Other schools are exploring ways to include or expand Indian health education, too. The Oregon Health & Science University, for example, is planning an extensive initiative for 2018: a series of seminars, a Native American health pathway, and a course similar to Lewis’.
Filling the knowledge gap
UMMSD is continuing to refine its curriculum. The lecture lineup—now at eight hours—is changing somewhat to hone in on specific medical challenges and opportunities, said Mary Owen, MD, who directs the school’s Center of American Indian and Minority Health and oversees the curriculum. New this year, for example, is a session by a Native healer that will cover how patients sometimes meld Western and traditional medicine.

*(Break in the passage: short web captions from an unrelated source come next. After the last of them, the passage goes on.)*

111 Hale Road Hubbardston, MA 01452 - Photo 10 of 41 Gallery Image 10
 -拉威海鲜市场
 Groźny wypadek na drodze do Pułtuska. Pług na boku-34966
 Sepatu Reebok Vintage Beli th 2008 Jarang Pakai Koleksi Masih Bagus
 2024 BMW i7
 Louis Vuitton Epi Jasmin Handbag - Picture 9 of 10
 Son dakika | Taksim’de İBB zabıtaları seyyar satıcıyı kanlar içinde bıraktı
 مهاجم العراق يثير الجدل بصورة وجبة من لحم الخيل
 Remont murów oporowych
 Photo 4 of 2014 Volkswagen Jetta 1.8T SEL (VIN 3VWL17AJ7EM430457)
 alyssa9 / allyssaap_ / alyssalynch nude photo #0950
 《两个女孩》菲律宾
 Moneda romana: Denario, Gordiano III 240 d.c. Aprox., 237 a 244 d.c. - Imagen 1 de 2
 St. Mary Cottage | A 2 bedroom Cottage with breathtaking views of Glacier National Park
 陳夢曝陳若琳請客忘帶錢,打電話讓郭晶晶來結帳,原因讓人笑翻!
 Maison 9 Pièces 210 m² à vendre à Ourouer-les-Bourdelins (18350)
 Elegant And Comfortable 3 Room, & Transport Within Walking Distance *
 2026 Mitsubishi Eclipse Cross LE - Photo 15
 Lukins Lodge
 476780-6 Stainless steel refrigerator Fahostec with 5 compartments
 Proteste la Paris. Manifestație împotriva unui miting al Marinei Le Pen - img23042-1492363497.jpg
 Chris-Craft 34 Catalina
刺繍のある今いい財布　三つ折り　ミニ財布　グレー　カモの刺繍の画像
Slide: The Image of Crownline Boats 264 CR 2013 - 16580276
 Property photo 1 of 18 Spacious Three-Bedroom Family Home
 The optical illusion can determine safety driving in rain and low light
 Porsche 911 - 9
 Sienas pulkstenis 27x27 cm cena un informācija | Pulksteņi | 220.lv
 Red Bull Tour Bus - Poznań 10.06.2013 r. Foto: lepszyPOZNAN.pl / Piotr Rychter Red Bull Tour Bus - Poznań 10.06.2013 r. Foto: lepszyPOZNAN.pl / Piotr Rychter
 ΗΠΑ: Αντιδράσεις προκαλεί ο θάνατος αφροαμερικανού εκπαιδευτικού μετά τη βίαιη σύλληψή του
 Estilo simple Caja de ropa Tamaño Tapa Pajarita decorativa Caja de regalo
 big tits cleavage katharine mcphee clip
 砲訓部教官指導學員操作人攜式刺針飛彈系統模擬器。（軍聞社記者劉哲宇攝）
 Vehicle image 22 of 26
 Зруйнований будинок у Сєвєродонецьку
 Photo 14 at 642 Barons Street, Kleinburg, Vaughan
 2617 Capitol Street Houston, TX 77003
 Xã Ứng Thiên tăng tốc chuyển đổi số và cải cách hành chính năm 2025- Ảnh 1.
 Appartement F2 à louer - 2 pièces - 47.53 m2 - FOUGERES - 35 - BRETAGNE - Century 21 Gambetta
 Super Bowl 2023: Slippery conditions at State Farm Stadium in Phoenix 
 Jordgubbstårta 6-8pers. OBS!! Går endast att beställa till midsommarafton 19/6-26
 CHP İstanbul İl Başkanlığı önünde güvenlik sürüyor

Also new is a role-playing session involving Native American health issues, some of which can be especially daunting to non-Native students, said Owen, an assistant professor in the Department of Family Medicine and Community Health. “We want them to feel less like an outsider to this community [and] to give them hands-on solutions.”
Consider the deadly opioid epidemic, which has hit Native Americans particularly hard. Owen believes tribal values like community connection and respect for elders can strongly bolster treatment.
For UMMSD student Nathan Ratner, now in his third year, some of the most valuable lessons involved setting aside his own cultural assumptions. Take, for example, a patient’s lack of eye contact. Previously, said Ratner, he may have assumed it signaled disengagement, but he now understands that it could mean something quite different, including respect.
Even more important, noted Ratner, was learning to take a strengths-based instead of a deficits-based approach to patient care. “Rather than focusing on what they don’t have available or what may be out of their economic means, focus on what they do have,” such as strong social, spiritual, or family ties. “You need to find a way systematically, strategically, and emotionally to empower patients to do what they can.”
Ratner, who expects to work with Indian patients, called the curriculum eye-opening. “These aren’t just facts from the past. These are experiences that have real emotional weight,” he said. “All of this history is coming into that space with you and the patient.”
The curriculum has had a measurable impact. Lewis polled the curriculum’s first two cohorts before the course, immediately after, and six months later, and found that students significantly gained and retained information about Native health, culture, and history. She also found a slight uptick in domains such as cultural empathy and social justice awareness. “It’s implicit that seven hours is not enough if we want to create empathetic providers who are socially aware,” she said. “But maybe we’re on a good start, maybe we’re on a good path.”